Did anyone involved with Obamacare proof read this law when it was a bill. America's health system isn't broken! It's being broken!
All would agree our Healthcare delivery system could use a little fine-tuning on an ongoing basis!
This over all will be devastating for years to come for everyone!
Bombshell:
Federal judge suddenly green-lights lawsuit that could stop Obamacare in its
tracks
- Small-business plaintiffs say the government is
treating all 50 states the same even though Congress allowed them to opt
out – and 36 did
- The IRS is granting insurance subsidies to taxpayers
in the 'refusenik' states, even though the text of the Obamacare law
doesn't allow it
- A federal judge denied the government's motion to
dismiss the case on Tuesday
- He also refused, however, to issue an injunction
barring the Obama administration from implementing the law while the case
moves forward
PUBLISHED: 14:27 EST, 22 October 2013
| UPDATED: 15:05 EST, 22 October 2013
A federal judge on Tuesday refused to dismiss
a case that could fatally cripple the Obamacare health insurance law.

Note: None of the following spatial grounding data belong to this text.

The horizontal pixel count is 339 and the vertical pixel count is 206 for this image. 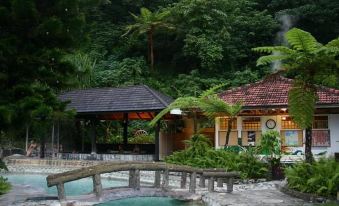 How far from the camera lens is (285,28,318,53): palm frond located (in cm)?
1095

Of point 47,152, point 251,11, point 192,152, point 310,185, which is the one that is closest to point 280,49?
point 310,185

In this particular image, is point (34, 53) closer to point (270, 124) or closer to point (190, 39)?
point (270, 124)

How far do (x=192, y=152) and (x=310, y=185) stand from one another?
246 inches

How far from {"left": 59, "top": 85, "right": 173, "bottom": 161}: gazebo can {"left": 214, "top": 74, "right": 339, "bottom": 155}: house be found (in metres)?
2.85

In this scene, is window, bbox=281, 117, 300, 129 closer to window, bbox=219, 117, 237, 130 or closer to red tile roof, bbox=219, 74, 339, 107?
red tile roof, bbox=219, 74, 339, 107

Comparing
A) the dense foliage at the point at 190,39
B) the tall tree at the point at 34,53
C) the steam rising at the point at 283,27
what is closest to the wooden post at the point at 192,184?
the tall tree at the point at 34,53

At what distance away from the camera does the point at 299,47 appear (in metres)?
11.2

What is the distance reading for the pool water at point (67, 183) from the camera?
14547 mm

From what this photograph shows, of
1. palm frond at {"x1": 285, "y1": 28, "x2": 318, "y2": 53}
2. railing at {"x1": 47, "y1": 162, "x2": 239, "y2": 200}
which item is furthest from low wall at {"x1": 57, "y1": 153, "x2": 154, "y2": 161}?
palm frond at {"x1": 285, "y1": 28, "x2": 318, "y2": 53}

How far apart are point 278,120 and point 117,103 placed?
7332 mm

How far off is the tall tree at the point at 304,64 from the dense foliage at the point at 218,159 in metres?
3.08

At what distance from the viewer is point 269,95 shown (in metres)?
20.0

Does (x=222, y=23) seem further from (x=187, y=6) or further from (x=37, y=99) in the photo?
(x=37, y=99)

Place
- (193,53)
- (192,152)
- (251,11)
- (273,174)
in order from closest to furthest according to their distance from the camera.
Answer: (273,174) < (192,152) < (193,53) < (251,11) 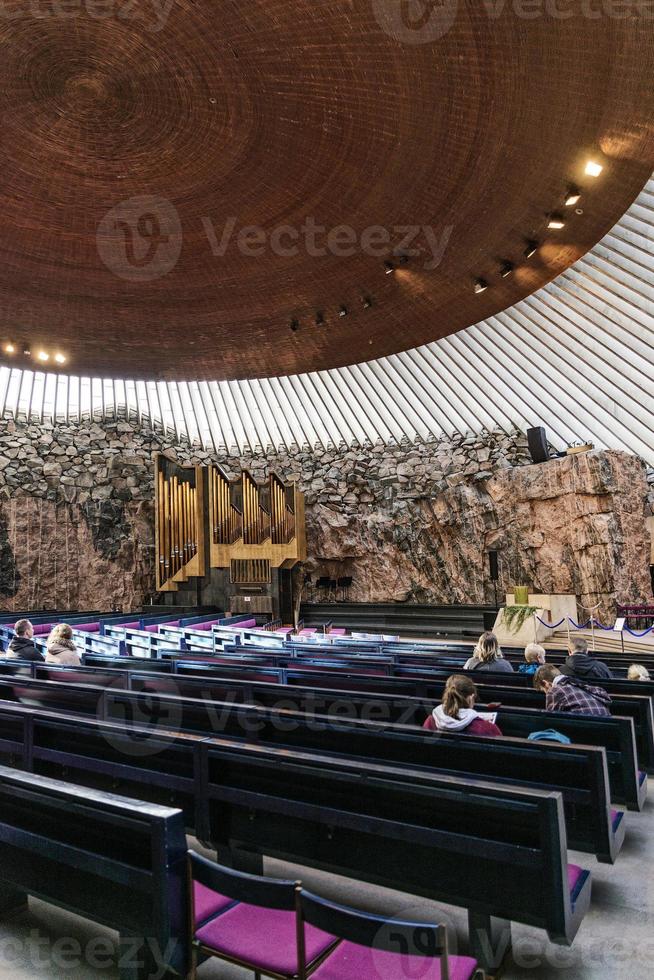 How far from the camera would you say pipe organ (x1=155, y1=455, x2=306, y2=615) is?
51.2 ft

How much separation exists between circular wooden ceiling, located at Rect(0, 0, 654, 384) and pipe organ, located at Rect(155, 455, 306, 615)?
4.55m

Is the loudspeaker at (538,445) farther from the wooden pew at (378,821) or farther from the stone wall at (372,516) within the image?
the wooden pew at (378,821)

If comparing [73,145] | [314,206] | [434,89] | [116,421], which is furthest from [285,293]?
[116,421]

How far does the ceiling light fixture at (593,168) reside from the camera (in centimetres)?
801

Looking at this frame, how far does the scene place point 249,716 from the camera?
3.00 m

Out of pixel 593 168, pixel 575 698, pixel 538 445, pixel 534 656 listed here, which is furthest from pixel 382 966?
pixel 538 445

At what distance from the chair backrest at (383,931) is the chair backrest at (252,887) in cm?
9

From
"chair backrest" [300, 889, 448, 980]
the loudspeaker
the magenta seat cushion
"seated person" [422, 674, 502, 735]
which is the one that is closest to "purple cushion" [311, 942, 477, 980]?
"chair backrest" [300, 889, 448, 980]

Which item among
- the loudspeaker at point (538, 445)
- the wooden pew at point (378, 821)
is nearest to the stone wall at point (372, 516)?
the loudspeaker at point (538, 445)

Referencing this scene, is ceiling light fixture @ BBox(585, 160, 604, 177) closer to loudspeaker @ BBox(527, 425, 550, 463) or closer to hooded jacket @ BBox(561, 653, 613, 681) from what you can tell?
hooded jacket @ BBox(561, 653, 613, 681)

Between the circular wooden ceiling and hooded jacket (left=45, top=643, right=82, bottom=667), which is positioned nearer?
hooded jacket (left=45, top=643, right=82, bottom=667)

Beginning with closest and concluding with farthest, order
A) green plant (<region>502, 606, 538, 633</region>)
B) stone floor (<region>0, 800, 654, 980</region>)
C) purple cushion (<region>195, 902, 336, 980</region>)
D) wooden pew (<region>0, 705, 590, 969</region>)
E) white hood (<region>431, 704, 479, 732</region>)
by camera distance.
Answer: purple cushion (<region>195, 902, 336, 980</region>), wooden pew (<region>0, 705, 590, 969</region>), stone floor (<region>0, 800, 654, 980</region>), white hood (<region>431, 704, 479, 732</region>), green plant (<region>502, 606, 538, 633</region>)

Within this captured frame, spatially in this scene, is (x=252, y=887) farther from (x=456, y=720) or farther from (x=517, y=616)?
(x=517, y=616)

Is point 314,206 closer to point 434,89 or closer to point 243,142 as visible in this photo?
point 243,142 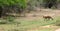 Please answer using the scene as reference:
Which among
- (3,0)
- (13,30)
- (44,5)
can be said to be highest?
(3,0)

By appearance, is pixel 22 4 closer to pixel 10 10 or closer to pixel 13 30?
pixel 10 10

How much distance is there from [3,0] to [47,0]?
30.6 m

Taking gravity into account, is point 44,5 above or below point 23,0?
below

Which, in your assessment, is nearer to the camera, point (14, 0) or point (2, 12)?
point (14, 0)

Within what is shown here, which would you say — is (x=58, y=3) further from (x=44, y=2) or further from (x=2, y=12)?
(x=2, y=12)

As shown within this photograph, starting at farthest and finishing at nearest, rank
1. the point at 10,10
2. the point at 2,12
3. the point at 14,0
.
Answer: the point at 10,10, the point at 2,12, the point at 14,0

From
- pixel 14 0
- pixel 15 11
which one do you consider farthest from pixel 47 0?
pixel 14 0

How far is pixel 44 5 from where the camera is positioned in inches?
2216

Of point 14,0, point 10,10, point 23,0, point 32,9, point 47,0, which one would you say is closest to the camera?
point 14,0

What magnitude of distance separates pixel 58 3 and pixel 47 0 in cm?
313

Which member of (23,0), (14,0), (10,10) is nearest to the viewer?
(14,0)

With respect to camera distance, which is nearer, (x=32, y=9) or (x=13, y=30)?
(x=13, y=30)

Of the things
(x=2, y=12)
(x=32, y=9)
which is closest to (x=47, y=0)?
(x=32, y=9)

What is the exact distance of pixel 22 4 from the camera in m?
30.2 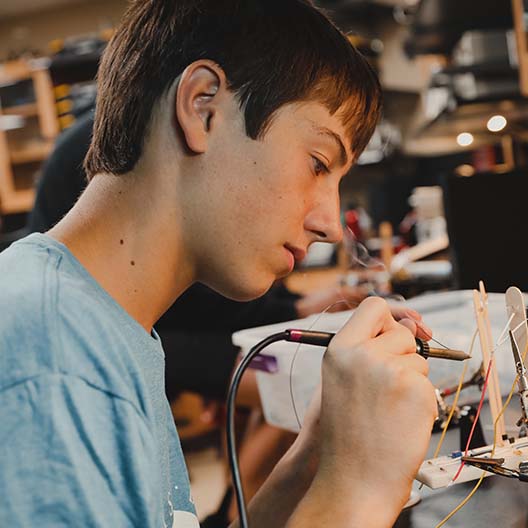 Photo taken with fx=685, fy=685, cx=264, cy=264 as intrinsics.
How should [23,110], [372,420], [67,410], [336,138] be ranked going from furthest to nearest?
[23,110] < [336,138] < [372,420] < [67,410]

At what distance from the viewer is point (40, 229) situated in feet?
5.72

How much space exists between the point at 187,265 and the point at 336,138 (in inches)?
8.1

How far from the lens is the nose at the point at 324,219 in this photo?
0.74m

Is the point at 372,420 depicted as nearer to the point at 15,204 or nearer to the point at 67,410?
the point at 67,410

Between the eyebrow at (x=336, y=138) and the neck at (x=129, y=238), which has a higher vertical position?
the eyebrow at (x=336, y=138)

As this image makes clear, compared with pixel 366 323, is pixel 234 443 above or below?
below

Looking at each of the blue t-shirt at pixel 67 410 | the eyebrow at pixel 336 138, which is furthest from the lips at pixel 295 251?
the blue t-shirt at pixel 67 410

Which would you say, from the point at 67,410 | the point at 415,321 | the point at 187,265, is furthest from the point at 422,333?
the point at 67,410

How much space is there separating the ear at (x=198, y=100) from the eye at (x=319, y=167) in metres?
0.12

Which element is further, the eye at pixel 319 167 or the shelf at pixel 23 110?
the shelf at pixel 23 110

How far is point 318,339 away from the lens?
27.5 inches

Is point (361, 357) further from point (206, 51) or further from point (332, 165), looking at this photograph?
point (206, 51)

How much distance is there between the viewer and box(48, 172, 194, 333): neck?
2.14 feet

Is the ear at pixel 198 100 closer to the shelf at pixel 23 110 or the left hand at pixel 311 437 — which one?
the left hand at pixel 311 437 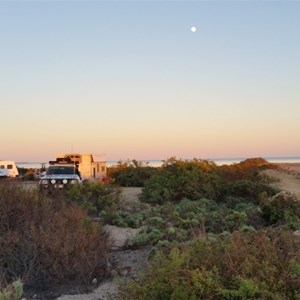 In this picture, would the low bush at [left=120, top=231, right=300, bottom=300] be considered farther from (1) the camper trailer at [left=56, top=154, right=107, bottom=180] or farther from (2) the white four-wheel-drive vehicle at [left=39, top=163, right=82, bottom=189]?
(1) the camper trailer at [left=56, top=154, right=107, bottom=180]

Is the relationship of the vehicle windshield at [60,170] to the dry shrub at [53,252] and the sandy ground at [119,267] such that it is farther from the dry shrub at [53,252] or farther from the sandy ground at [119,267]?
the dry shrub at [53,252]

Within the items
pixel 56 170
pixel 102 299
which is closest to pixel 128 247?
pixel 102 299

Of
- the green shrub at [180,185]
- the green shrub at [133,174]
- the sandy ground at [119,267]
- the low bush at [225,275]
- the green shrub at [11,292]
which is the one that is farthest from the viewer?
the green shrub at [133,174]

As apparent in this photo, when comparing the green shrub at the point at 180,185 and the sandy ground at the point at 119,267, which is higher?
the green shrub at the point at 180,185

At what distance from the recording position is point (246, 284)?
5312 mm

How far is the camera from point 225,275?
5746 millimetres

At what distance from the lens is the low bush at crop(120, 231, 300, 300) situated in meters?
5.41

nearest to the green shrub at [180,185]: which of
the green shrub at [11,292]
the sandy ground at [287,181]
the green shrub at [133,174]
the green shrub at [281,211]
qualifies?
the sandy ground at [287,181]

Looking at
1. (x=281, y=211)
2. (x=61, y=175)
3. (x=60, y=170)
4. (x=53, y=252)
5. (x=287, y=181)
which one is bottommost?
(x=287, y=181)

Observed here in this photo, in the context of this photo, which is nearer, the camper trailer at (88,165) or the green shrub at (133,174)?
the green shrub at (133,174)

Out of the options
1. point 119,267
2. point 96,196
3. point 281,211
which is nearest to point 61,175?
point 96,196

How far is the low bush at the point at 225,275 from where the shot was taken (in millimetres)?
5406

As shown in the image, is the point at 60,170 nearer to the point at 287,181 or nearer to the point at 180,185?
the point at 180,185

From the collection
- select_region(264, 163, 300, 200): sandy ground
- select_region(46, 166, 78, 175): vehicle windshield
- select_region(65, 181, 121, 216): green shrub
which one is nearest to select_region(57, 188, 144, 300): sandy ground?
select_region(65, 181, 121, 216): green shrub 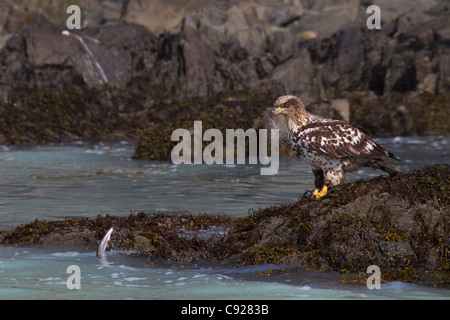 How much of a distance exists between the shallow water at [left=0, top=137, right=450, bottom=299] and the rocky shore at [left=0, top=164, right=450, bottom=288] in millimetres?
249

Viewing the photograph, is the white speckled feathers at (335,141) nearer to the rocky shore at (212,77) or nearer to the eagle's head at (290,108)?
the eagle's head at (290,108)

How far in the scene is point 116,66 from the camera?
89.5 ft

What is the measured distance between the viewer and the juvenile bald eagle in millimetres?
8953

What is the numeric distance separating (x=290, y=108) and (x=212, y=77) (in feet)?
59.6

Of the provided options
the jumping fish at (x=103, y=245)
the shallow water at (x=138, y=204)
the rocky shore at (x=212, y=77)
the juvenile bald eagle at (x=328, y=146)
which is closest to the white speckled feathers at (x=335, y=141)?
the juvenile bald eagle at (x=328, y=146)

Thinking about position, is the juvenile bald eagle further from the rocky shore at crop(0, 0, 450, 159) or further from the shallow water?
the rocky shore at crop(0, 0, 450, 159)

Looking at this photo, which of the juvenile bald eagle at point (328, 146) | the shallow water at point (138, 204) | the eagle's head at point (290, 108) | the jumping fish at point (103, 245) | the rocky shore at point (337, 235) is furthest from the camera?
the eagle's head at point (290, 108)

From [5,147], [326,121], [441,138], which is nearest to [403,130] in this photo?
[441,138]

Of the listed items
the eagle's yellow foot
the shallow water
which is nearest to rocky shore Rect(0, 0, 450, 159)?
the shallow water

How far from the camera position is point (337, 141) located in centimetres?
901

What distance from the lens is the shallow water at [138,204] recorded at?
24.1 ft

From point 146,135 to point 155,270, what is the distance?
11383 millimetres

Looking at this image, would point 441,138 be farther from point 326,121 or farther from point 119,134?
point 326,121

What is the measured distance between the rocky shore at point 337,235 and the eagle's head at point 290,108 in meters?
1.04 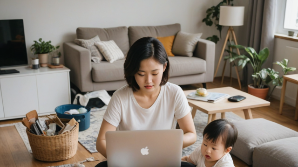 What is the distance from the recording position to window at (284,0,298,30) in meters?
4.19

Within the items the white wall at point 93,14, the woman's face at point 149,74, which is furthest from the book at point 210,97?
the white wall at point 93,14

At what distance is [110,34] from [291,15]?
7.59 ft

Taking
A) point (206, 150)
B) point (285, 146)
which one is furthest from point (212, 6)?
point (206, 150)

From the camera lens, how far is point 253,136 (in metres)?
2.54

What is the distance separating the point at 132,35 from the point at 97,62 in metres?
0.74

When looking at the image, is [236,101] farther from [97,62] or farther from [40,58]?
[40,58]

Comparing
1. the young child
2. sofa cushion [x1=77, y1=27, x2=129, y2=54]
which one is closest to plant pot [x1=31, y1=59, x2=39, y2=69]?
sofa cushion [x1=77, y1=27, x2=129, y2=54]

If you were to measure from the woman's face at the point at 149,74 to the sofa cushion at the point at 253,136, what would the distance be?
116 cm

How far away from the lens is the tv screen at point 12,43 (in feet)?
12.0

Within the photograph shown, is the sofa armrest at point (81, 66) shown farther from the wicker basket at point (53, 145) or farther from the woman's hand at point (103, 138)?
the woman's hand at point (103, 138)

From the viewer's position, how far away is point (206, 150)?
1.71 m

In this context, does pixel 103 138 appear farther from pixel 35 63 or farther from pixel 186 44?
pixel 186 44

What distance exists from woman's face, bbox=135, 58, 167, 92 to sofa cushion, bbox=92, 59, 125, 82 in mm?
2203

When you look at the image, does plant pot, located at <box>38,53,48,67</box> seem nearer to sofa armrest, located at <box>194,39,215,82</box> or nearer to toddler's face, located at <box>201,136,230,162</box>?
sofa armrest, located at <box>194,39,215,82</box> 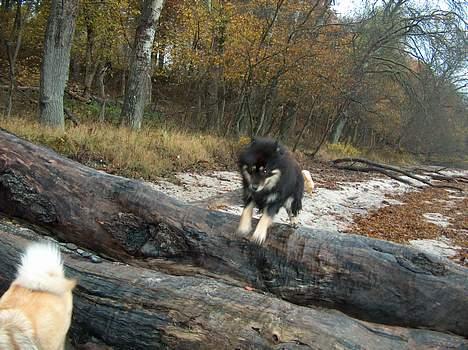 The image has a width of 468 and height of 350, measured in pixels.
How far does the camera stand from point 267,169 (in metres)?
4.69

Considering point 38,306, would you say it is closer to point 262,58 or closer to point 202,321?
point 202,321

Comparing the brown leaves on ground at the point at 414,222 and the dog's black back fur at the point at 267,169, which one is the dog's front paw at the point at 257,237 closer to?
the dog's black back fur at the point at 267,169

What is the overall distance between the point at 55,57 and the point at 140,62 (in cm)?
246

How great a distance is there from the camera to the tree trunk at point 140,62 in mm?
12773

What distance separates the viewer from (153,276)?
367 cm

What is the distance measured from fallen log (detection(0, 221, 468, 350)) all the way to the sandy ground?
126 inches

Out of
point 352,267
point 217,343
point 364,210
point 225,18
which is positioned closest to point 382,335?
point 352,267

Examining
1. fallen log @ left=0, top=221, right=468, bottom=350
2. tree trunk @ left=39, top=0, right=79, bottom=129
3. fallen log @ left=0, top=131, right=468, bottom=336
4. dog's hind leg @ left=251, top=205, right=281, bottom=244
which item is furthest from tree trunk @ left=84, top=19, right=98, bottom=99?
fallen log @ left=0, top=221, right=468, bottom=350

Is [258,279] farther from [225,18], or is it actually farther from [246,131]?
[246,131]

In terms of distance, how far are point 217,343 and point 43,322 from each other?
3.81ft

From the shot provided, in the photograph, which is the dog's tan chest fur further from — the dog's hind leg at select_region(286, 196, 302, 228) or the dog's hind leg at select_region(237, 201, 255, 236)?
the dog's hind leg at select_region(286, 196, 302, 228)

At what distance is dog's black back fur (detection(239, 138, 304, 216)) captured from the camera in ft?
15.4

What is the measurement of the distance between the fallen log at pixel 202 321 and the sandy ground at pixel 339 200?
3.20 meters

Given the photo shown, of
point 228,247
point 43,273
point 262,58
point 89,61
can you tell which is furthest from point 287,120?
point 43,273
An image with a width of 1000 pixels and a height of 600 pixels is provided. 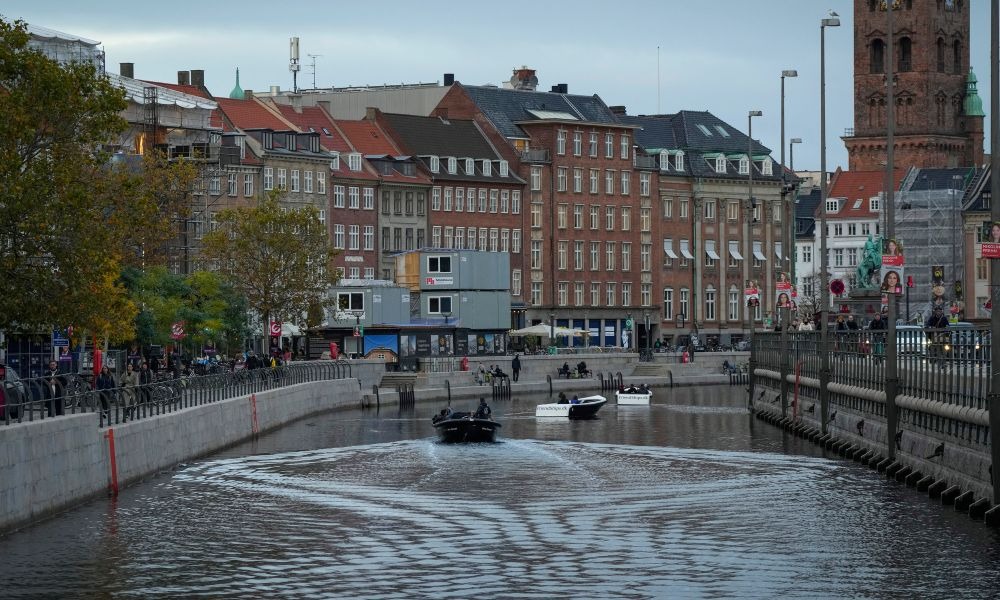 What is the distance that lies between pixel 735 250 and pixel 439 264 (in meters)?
51.3

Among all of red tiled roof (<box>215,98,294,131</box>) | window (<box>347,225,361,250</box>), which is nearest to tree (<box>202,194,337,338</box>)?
red tiled roof (<box>215,98,294,131</box>)

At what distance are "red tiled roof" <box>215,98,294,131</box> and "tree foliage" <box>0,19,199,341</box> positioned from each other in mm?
78630

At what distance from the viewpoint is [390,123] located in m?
158

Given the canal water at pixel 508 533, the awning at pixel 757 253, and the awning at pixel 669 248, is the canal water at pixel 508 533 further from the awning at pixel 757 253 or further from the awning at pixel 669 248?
the awning at pixel 757 253

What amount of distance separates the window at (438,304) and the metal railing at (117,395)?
47.9 metres

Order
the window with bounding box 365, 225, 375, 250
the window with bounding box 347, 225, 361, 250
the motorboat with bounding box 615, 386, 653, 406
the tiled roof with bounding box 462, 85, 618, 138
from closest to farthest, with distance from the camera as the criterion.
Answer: the motorboat with bounding box 615, 386, 653, 406
the window with bounding box 347, 225, 361, 250
the window with bounding box 365, 225, 375, 250
the tiled roof with bounding box 462, 85, 618, 138

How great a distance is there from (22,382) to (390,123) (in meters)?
110

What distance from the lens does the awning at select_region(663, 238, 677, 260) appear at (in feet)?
592

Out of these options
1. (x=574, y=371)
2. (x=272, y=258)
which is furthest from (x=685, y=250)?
(x=272, y=258)

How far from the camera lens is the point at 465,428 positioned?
3243 inches

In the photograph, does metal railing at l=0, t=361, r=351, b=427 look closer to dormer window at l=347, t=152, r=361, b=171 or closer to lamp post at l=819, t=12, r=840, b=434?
lamp post at l=819, t=12, r=840, b=434

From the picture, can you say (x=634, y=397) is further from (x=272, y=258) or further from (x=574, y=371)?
(x=574, y=371)

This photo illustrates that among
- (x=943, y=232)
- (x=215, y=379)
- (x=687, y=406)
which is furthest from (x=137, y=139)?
(x=943, y=232)

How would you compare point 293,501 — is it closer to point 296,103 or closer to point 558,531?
point 558,531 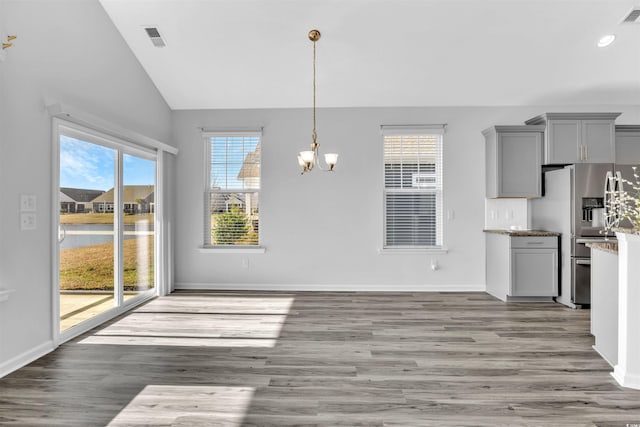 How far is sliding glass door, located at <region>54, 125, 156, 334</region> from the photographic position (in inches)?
140

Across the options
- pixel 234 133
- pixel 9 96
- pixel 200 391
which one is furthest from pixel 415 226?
pixel 9 96

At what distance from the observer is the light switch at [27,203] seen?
293 centimetres

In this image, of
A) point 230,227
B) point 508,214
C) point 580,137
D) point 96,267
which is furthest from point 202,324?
point 580,137

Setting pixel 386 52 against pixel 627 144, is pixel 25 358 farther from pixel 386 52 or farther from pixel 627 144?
pixel 627 144

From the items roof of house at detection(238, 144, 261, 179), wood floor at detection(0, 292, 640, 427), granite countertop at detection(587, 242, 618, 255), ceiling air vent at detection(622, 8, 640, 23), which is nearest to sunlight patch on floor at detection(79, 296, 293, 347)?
wood floor at detection(0, 292, 640, 427)

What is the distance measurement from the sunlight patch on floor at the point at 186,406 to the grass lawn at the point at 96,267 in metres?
1.63

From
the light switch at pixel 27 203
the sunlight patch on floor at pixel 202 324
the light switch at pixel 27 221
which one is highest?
the light switch at pixel 27 203

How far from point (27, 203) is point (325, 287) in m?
3.70

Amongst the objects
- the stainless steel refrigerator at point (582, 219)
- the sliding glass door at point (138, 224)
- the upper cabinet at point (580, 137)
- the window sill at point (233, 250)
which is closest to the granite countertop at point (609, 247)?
the stainless steel refrigerator at point (582, 219)

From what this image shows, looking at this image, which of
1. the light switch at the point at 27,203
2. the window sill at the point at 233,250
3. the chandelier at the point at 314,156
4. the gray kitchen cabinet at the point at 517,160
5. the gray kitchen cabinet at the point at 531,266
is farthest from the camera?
the window sill at the point at 233,250

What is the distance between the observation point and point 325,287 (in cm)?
564

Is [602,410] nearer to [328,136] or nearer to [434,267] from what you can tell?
[434,267]

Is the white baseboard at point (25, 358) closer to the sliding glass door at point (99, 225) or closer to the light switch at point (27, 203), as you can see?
the sliding glass door at point (99, 225)

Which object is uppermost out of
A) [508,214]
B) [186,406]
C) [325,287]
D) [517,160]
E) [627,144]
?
[627,144] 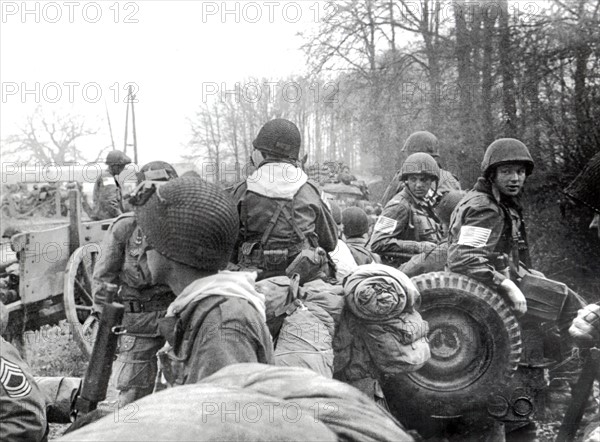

The Affordable Care Act forbids the federal
government from enforcing the law in any state that opted out of setting up its
own health care exchange, according to a group of small businesses whose
lawsuit got a key hearing Monday in federal court.
The Obama administration, according to their
lawsuit, has ignored that language in the law, enforcing all of its provisions
even in states where the federal government is operating the insurance
marketplaces on the error-plagued Healthcare.gov website.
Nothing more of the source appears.